Questo dimostra che il secondo turno non è scontato, e un’elezione di Marine Le Pen, come citato nel numero di Marat di sabato, resta improbabile ma non impossibile. Consapevole di questa difficoltà, Emmanuel Macron ha tenuto un breve discorso, ma stavolta molto offensivo e accorato, invitando i francesi a sceglierlo per altri cinque anni: «L’unico progetto credibile contro l’alto costo della vita è il nostro. L’unico progetto dei lavoratori, di tutti coloro che sono sull’orlo della disoccupazione, è il nostro. L’unico progetto per la Francia e per l’Europa, è il nostro. Io credo in noi, in tutti noi, qualunque siano le nostre origini, i nostri territori, qualunque siano le nostre opinioni e le nostre convinzioni. Quindi, durante i prossimi quindici giorni, non risparmiamo sforzi perché niente ancora è stato raggiunto. Bisogna essere umili, determinati. Bisogna convincere tutti».
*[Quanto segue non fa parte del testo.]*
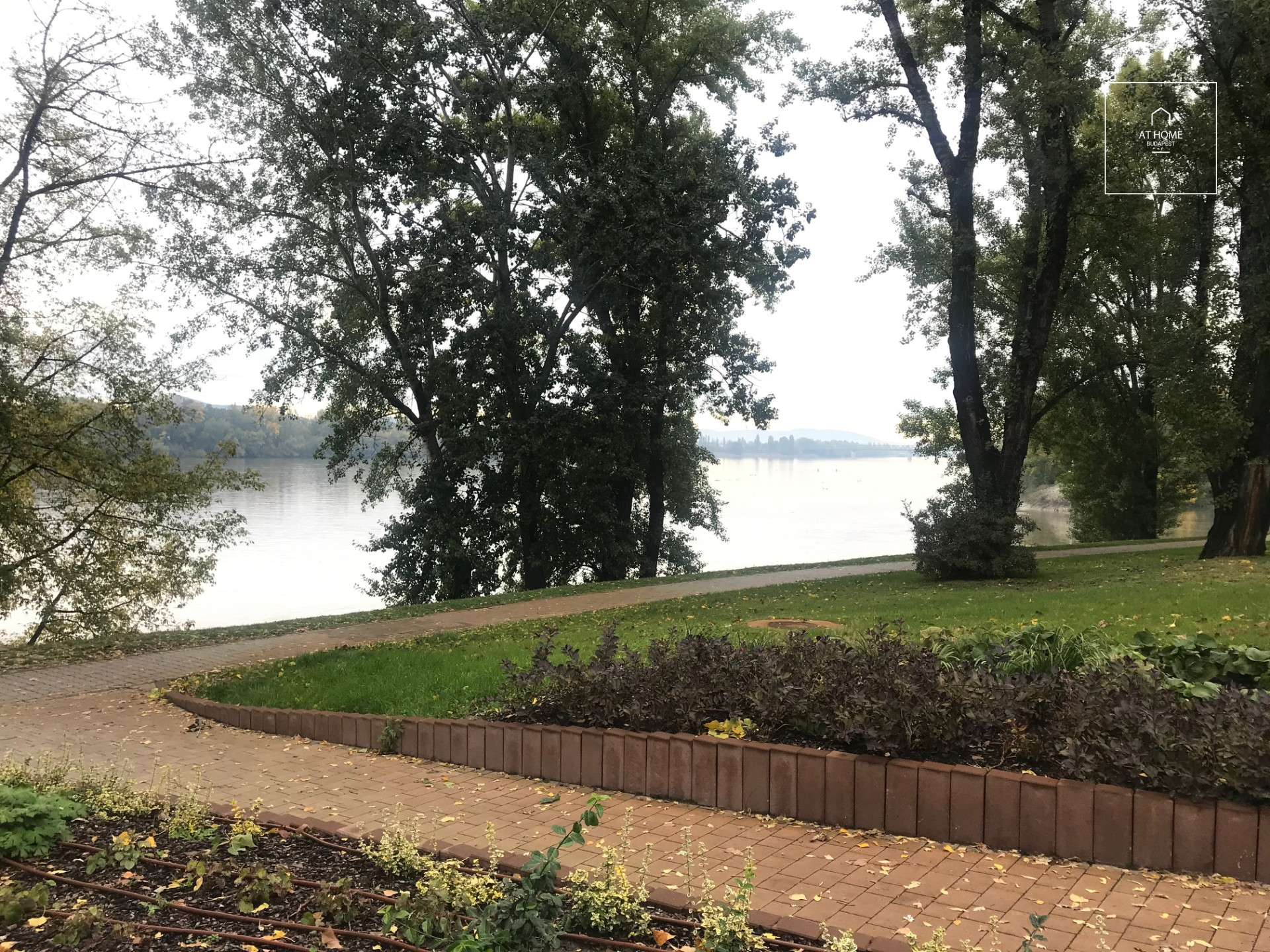 2-bedroom apartment with a view of the Danube for rent in XIII. district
Per evitare gli errori del 2017, quando il candidato festeggiò l’accesso al secondo turno in una brasserie del sud della capitale e poi scomparve per due giorni, organizzando un evento elettorale solo il mercoledì successivo, lo staff di Macron ha previsto un calendario molto serrato. Domenica sera alle 22.30 si è riunita la segreteria politica per discutere la strategia da tenere nelle prossime due settimane, ed è stato subito comunicato che Macron trascorrerà l’intera giornata di lunedì negli Hauts-de-France. Un luogo non casuale: nella regione si trova il dipartimento del Pas-de-Calais, collegio elettorale dove Marine Le Pen è eletta deputata. Inoltre, anche l’agenda di martedì di Macron sarà dedicata alla campagna elettorale, stavolta nella regione Grand Est, a Strasburgo. Insomma, al presidente è subentrato finalmente il candidato.
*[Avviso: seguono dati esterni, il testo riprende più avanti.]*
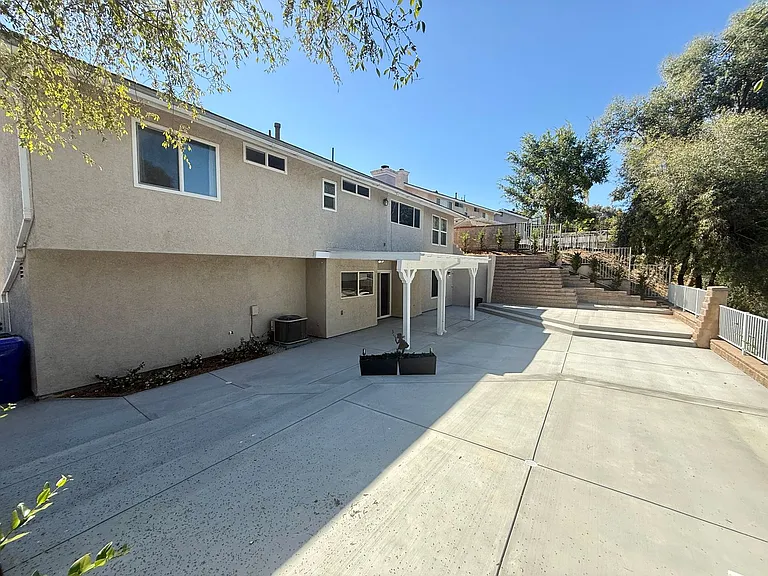 27727 Spandau Dr — Photo 24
E poi c’è Marine Le Pen, che ottiene il miglior risultato della storia del suo partito, premiata da una campagna elettorale molto apprezzata, che suona come una forte sanzione alle velleità di Éric Zemmour. Adesso per lei comincia un’altra partita, più complessa, perché il rischio di un nuovo fronte repubblicano, l’union sacrée di tutti i partiti contro la possibilità di una sua elezione, è tangibile. Certo, Éric Zemmour ha annunciato senza ambiguità che voterà per lei, e le proposte di Le Pen seducono quasi un terzo degli elettori di Jean-Luc Mélenchon. Però, il ballottaggio è da sempre una montagna insormontabile da scalare. Si pone, infine, una domanda: quanto interesse ha Marine Le Pen a recuperare toni e proposte di Éric Zemmour, quando l’architrave della sua strategia è stato migliorare la propria immagine e diventare “presidenziabile”? Forse per questo l’agenda comunicata in tarda serata appare meno forsennata rispetto a quella di Macron: la candidata del Rassemblement national passerà i primi due giorni della settimana a Parigi, dove terrà una serie di riunioni di partito e poi una conferenza stampa. Tra le righe, possiamo leggere la sua volontà di riposare, immaginare una nuova strategia e cominciare a preparare il dibattito televisivo, vero momento spartiacque delle prossime due settimane.
Perché la verità è che, più di ogni altra volta, sarà la televisione la vera regina delle elezioni presidenziali.